Tuesday, January 13, 2009

Ten Trends and Technologies for 2009

Ten Trends and Technologies for 2009

This post comes courtesy of Michael Stephens, author of the blog Tame the Web: Libraries, Technology and People. Michael's post is scholarly and filled with data, links, and academic sources. Borrowing his 10 descriptors, this is my version, viewed through the lens of the CCHS Library.
  1. The Ubiquity of the Cloud - Clouds provide a powerful alternate way to present data. It is hard to find opportunities to use data with students to evaluate things that aren't intrinsically empirical. An example is writing. A student can copy and paste a paper into something like Wordle and see the resulting word cloud. If there are repetitive words it shows up immediately. Tag clouds are becoming increasingly important to search functions, especially with social networking sites. Understanding a cloud is an important emerging literacy.
  2. The Value of the Commons - A rich, collaborative space for people to create is the heart of this idea, covering everything from Creative Commons licensing to a Media Commons model for the library. Learning by doing, literacy beyond text, global connections - these are all elements that resonate with me. A Commons philosophy is welcoming, creative, fosters connections, and puts students at the center.
  3. The Changing Role of IT - Everyone needs to be an IT Specialist now. Period. We all must accept the responsibility basic trouble shooting. While we don't all need to know html or network configuration, we all need to be competent end-users, confident to try things, click buttons, roll our sleeves up and dig into an application. Comfort with various media files, uploading, downloading, embedable code, wikis, Nings and blogs are all core competentices for life in Web 2.0 and the 21st Century.
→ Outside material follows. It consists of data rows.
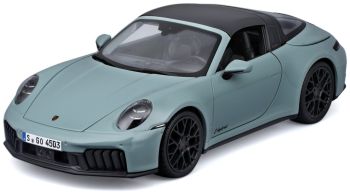 MST31470 - PORSCHE 911 Targa GTS Hybride 2025 Bleue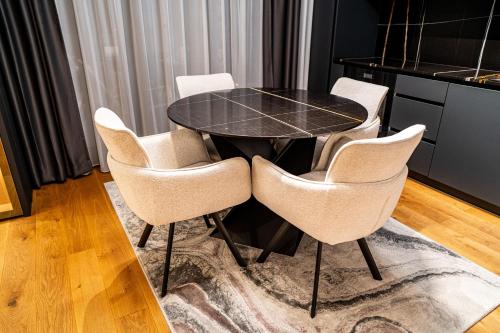 Fasiliteter, Brilijant Lux Apartman in Arandjelovac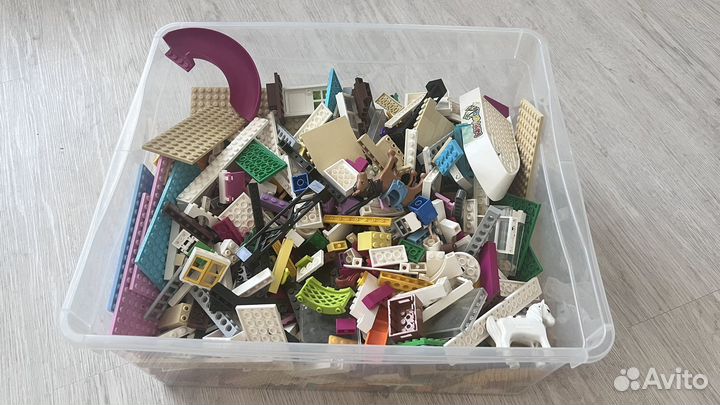 Конструктор аналог lego и lego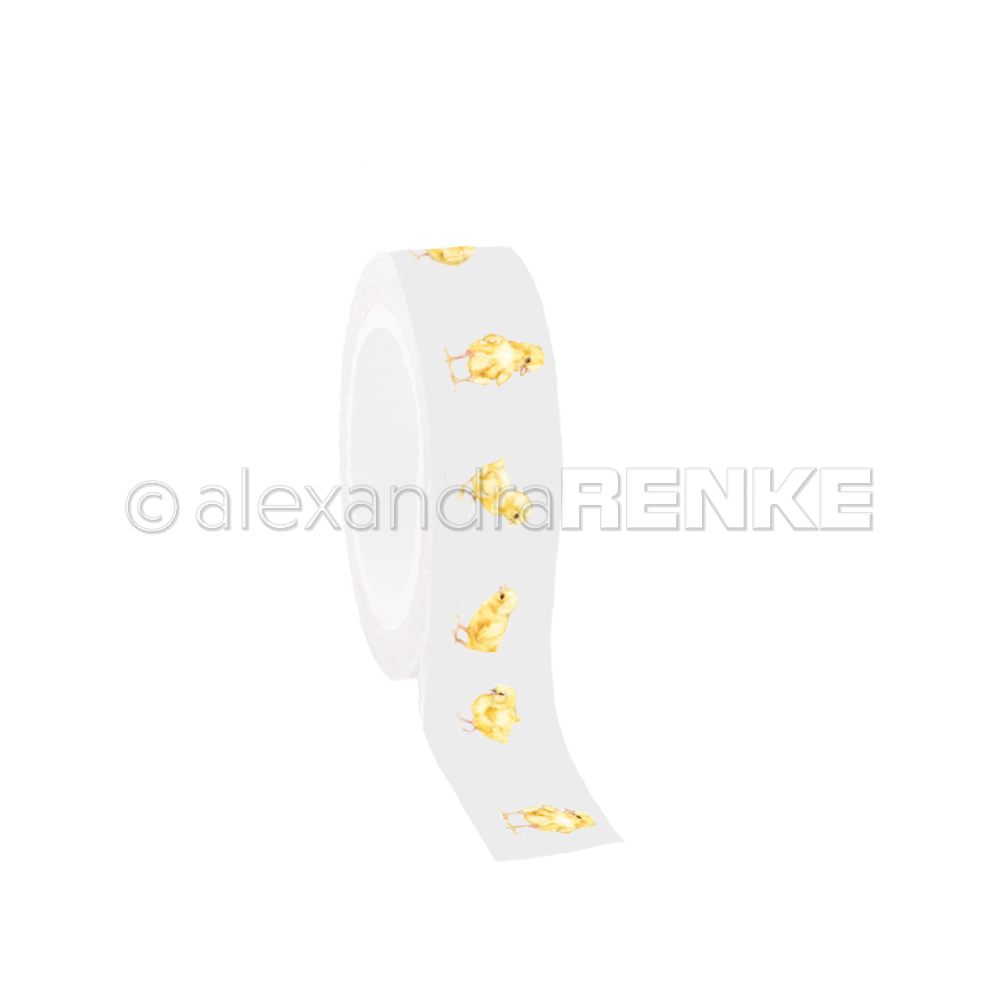 Alexandra Renke - Washi Tape - Little Chicks
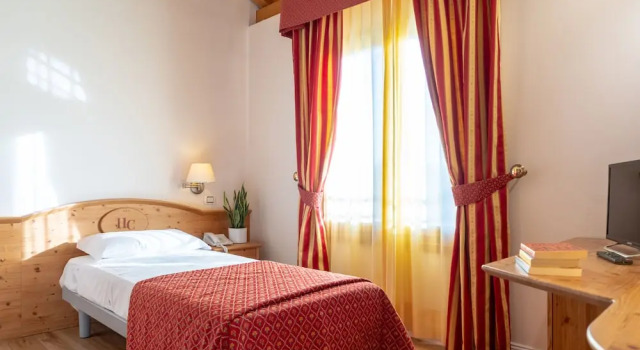 Номер Economy Hotel Canova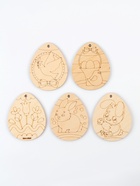 Заготовки для творчества. Роспись по дереву «Пасха», 5 шт. - фото 118982641 Заготовки для творчества. Роспись по дереву «Пасха», 5 шт. - фото 118982641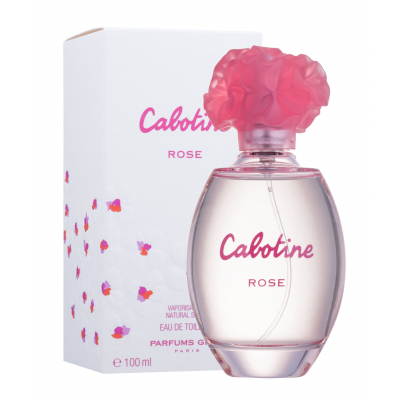 

Gres Cabotine Rose 100 ml dla kobiet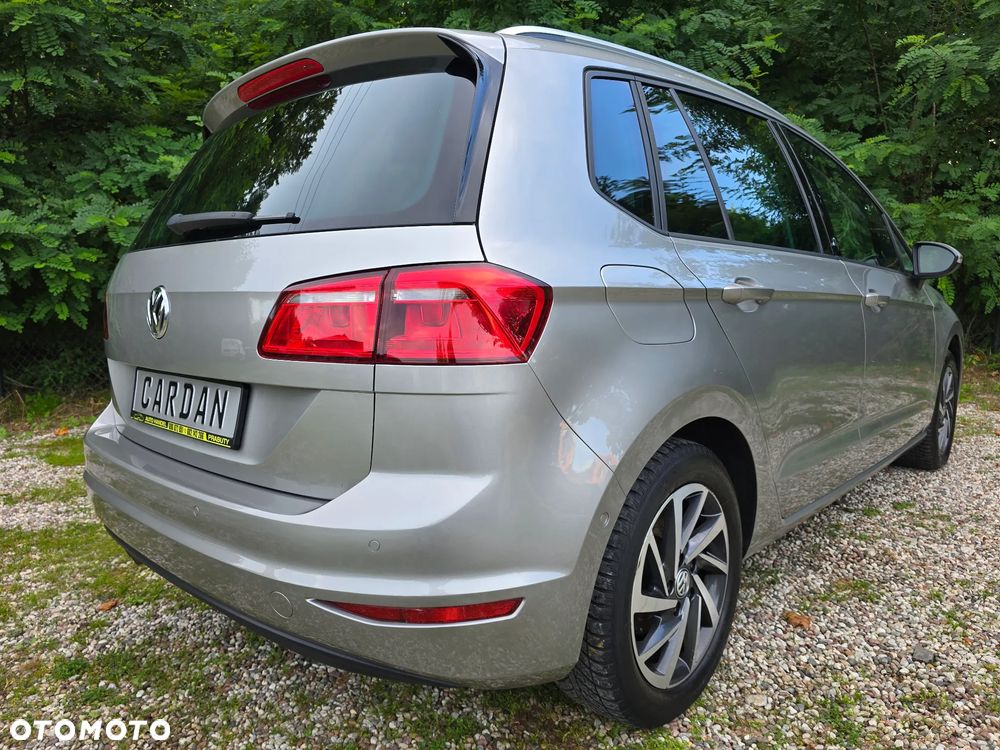 Volkswagen Golf Sportsvan 1.4 TSI (BlueMotion Technology) Sound - 4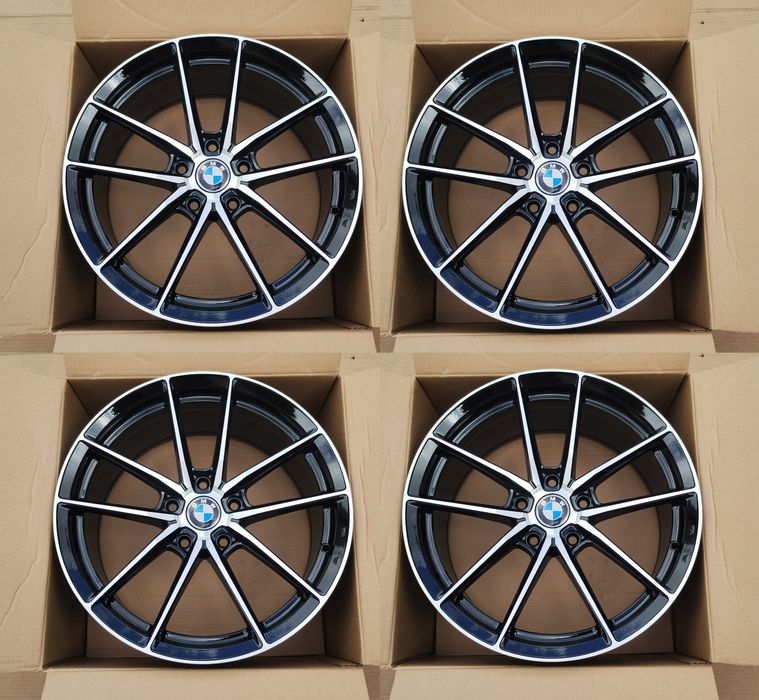 Jante 18 BMW F10 F20 F22 E46 E90 E60 X3 X4 F26 X5 Z3 Z4 5 x 120 R18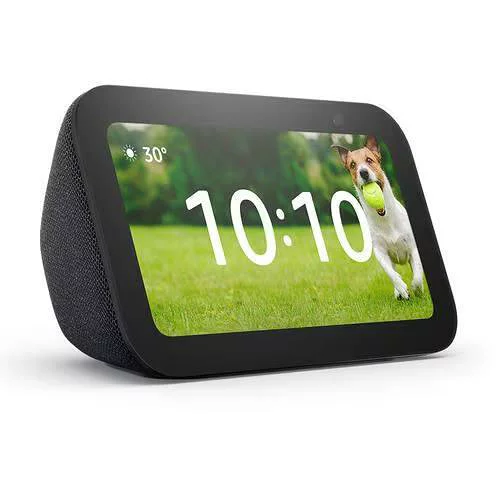 Amazon Show 5 Echo 第3世代 チャコール B09B2PF8S4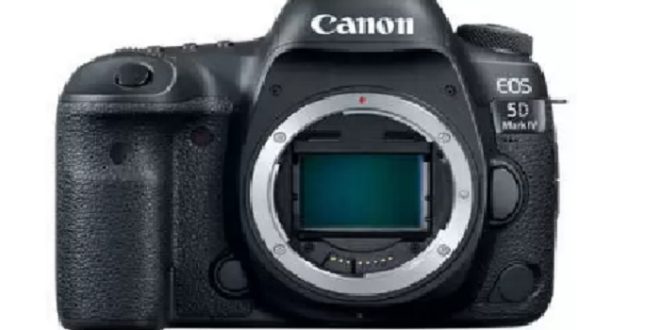 Harga Kamera Canon EOS 5D MARK IV Body Baru Bekas Terbaru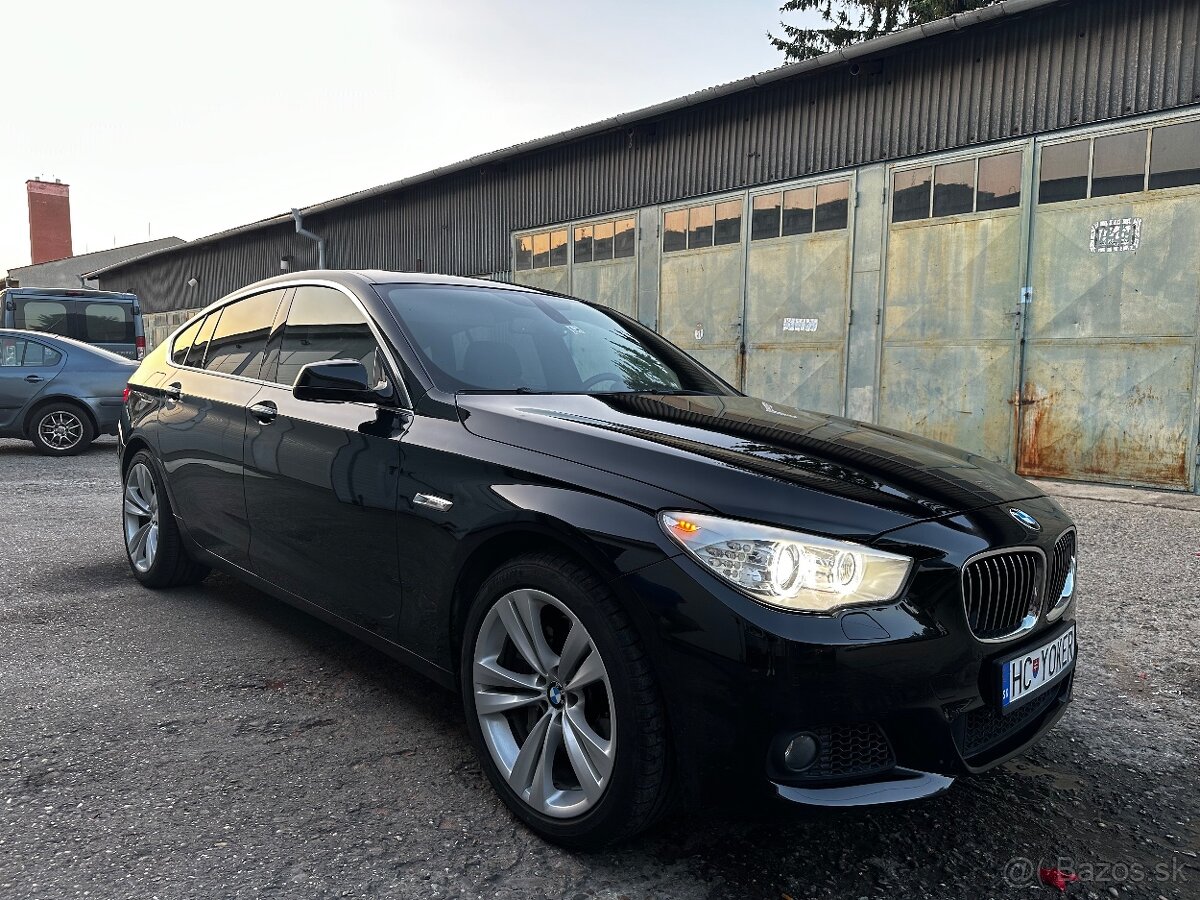 Bmw 535d GT M Paket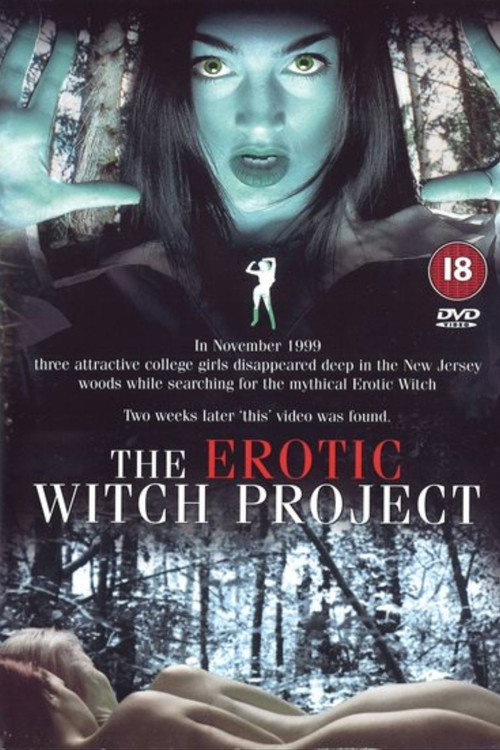 The Erotic Witch Project poster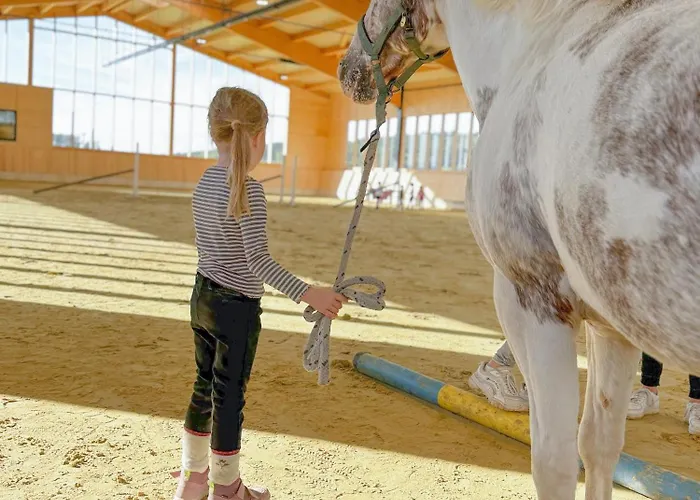 Hof Köhne - Haus Im Glück Links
How else will we be ready for Web 3.0?
  4. The Care & Nurturing of the Tribe - Teenagers need their tribe. They need to belong to a social group, thus the incredible popularity of Facebook. They also need nurturing and guidance as they learn to navigate the halls of their real world, and pixels of their digital lives. Both are real, both are valuable, and both are relevant.
  5. Encourage the Heart - How can we make authentic human connections with each other? Be the Change has played an important role in fostering connection and caring at CCHS. Can we capitalize on this and expand those connections to a global awareness? Really, it is about encouraging intellectual curiosity and caring.
  6. The Triumph of the Portable Device - iPhones are like lightning bolts of connectivity, and in a perfect world I would put one in the hands of every student. Connectivity is the air they breathe, and we should harness is and use it as an integral part of the educational process.
  7. The Importance of Personalization - At CCHS every student has a network account, and as they log in each day I can see how they personalize their desktop, their preferences, their interface with the world. Each student is different and while they often dress, talk and behave like each other, online they are far freer to be themselves. It is a joy to see how diverse they are in the freedom of their digital environment.
  8. The Impact of Localization - Our local resources are rich and varied, and sometimes this can get lost in the rush to push global awareness. Yet we have CCTV, our local cable access station, where I can tune into channel 10 and see what media is being produced and shared by our students. I can tune into WIQH 88.3FM and hear the local sports and weather forecast by students, listen to their music, and their political views. Kids are creating local content, and finding ways to share it with their communities. We need to continue to find ways to facilitate this local exchange.
  9. The Evolution of the Digital Lifestyle - Put an "i" in front of it, and it connects to everything in your life, or at least that what it feels like. Seamless, fluid, we are approaching a time when our digital interface will be a fully networked archive of our experience and work. The tricky bit is the blurring of traditional lines. In social networks who should we be friends with, and who should we not be friends with? Teachers? Professional colleagues? Bosses? The Digital Lifestyle demands that we review our social traditions, mores and policies.
  10. The Shift Toward Open Thinking - We need to be more open to creativity and finding alternative ways of demonstrating what we know. We need to be more lenient of technical failure, and give credit for trying. Allowing students to access learning in different ways, and providing alternate formats to access content has to be a priority.